DM: Where did the idea for French Emotions come from?
PG: That was me, what can I say? I like French poetry, and I thought it would be nice just to do, like, when the music becomes almost a soundtrack, and you have something dramatic spoken over the top. It was a bit of a challenge to translate it and keep the rhythm. The reason that I thought of doing ["Rendezvous"] at all in French was literally I was over at some friends' in Paris listening and they, "oh, this'd sound really good in French," and they sowed that seed. And suddenly I'm back doing things in French. It's probably strange because it looks like I'm obsessed with French culture, when in a funny way it's kind of an accident. The funny thing is I speak other languages. I speak German. If I spoke Spanish well enough, I think that's a nice language for music. I'd probably use that if it was more available to me. When I started out with Metro, at the time everybody was doing a kind of music that was based on American music. I thought, "Well, England is an island, and it's got its own great history of music, but we're also part of the Continent." People living in London mix with European people all the time, it's just natural. It's sort of part of your back yard, really. So in a way, I think, I started out to reflect that in what I do, it's literally part of my culture. It's not an artificial thing; it's just there. Now, 20 years after that first Metro album, people think very much in European terms, don't they? Or it's not just European, they think internationally. The Internet contributes to that, doesn't it? The global village idea of the sixties, it's now like shrunk even smaller. The village really is a village. I think for an artist you just think, it's an opportunity; why not use French? Why not use anything you feel like, if it creates an atmosphere? It's amazing when you can go to another country and it really opens your eyes to another rhythm, another way of living, another way of looking at things, you know? One day the world's going to turn around and realise that whole languages and people and cultures have suddenly just been erased. You have that feeling, because for us it's a loss, because variety is exciting. There's a lot out there for us to enjoy, isn't there? Might as well enjoy it.

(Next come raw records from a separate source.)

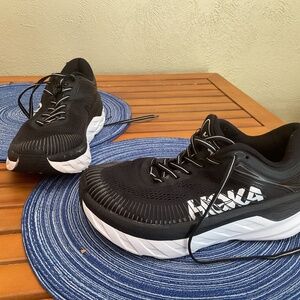 Hoka Bondi 7 Wide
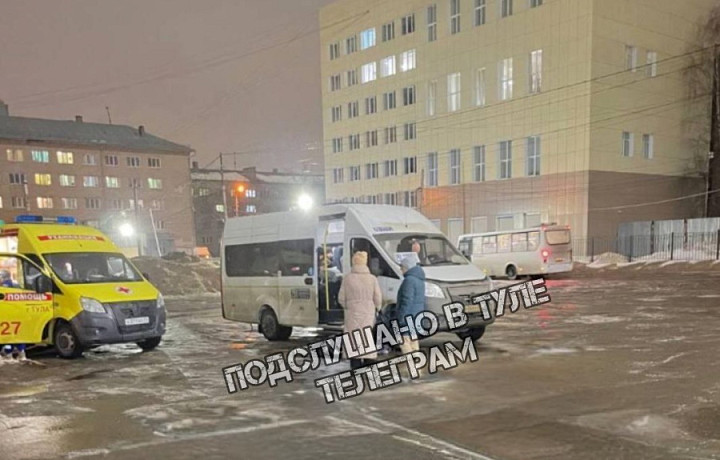 На автовокзале в Туле скончалась пожилая женщина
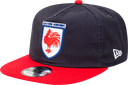 New Era Sydney Roosters The Golfer Heritage Red OSFM
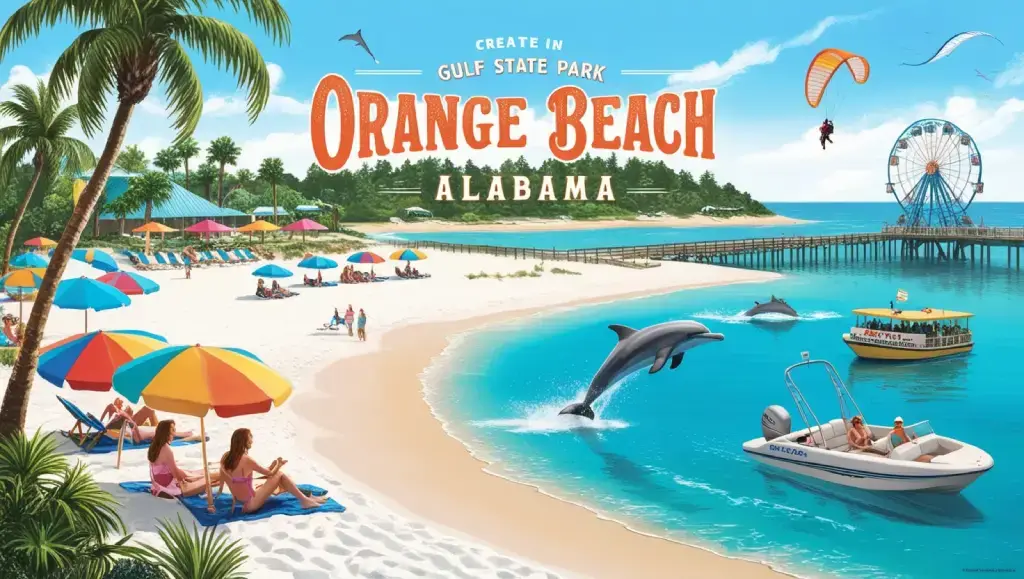 Things to do in Orange Beach Alabama​: Ultimate Guide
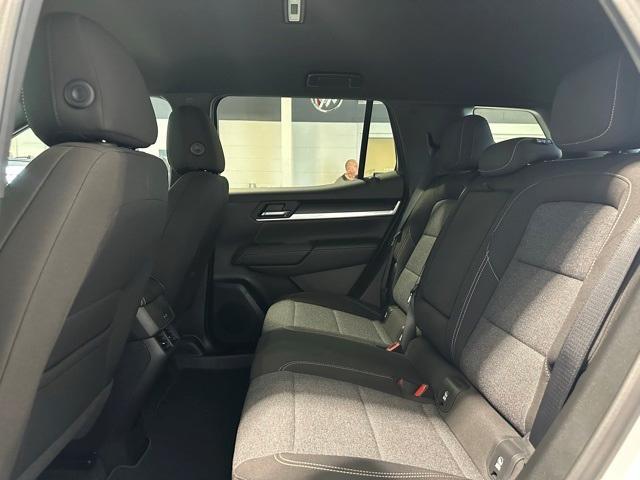 new 2026 GMC Terrain car, priced at $33,991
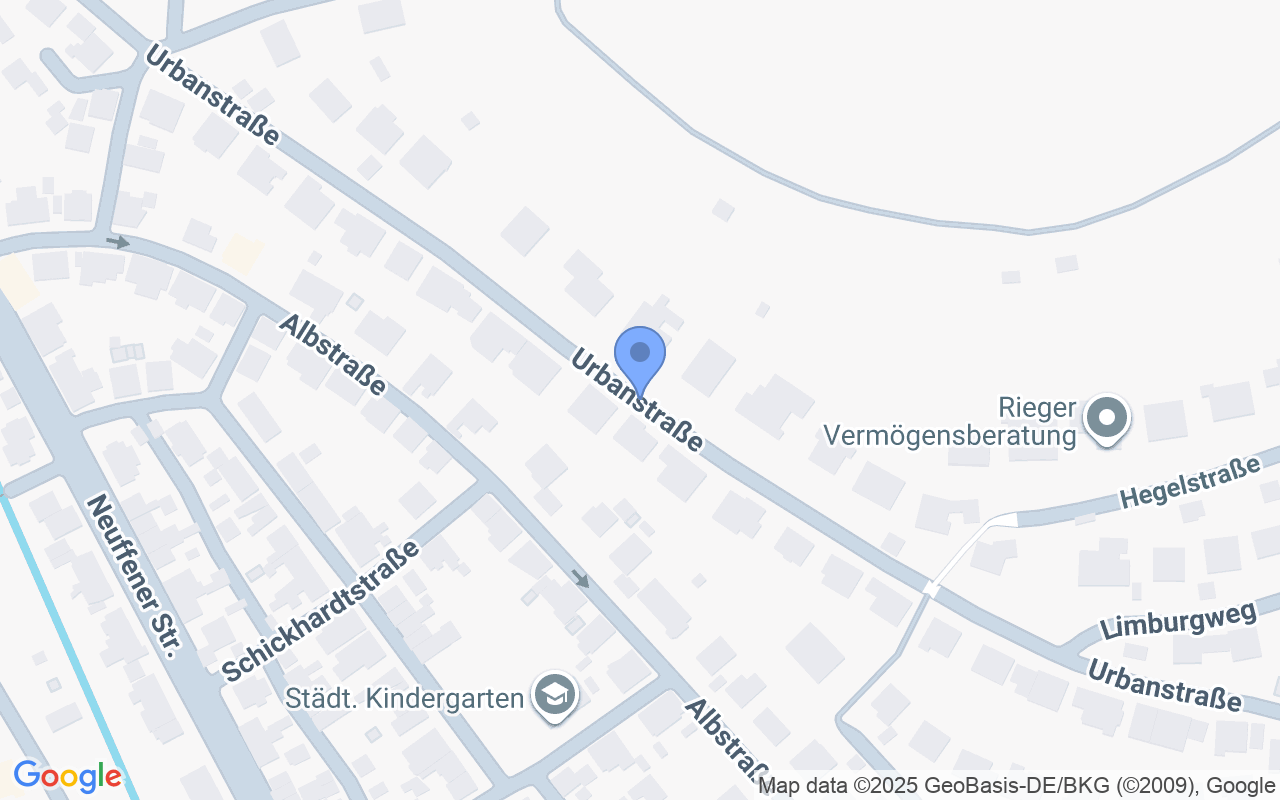 Einfamilienhaus mit Einliegerwohnung in guter und ruhiger Wohnlage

DM: I went through a phase there where I was convinced there was no good music coming out, but of course I was very wrong.

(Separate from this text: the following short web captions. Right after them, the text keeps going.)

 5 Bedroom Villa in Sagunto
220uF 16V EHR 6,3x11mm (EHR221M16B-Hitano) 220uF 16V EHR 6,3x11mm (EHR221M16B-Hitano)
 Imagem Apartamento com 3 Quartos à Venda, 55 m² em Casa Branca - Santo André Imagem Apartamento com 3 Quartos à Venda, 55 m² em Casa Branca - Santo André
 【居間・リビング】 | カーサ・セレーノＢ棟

PG: I can understand that. I go through phases myself. Certainly in England there was a time when you just weren't hearing anything that you didn't find kind of irritating. But I think things are better now, don't you? I think as well you get artists who have their moment when they're really in touch with something, and they do something special, and that moment comes and goes, and they never find it again. But then one thing I like about America, I have to say: as far as artists are concerned, they're very loyal. They give them more of a chance than they do in this country. In England it' s very much music and fashion. If it was really hip last year then we shouldn't listen to it this year. From an artist's point of view it's a challenge in one way, but in another it's kind of irritating, because you don't want to be chasing marketing trends, do you? There's more of a pop tradition in England, in a way, and pop is to do with fashion, whereas in America it's more connected with rock, which is more to do with alternative lifestyles.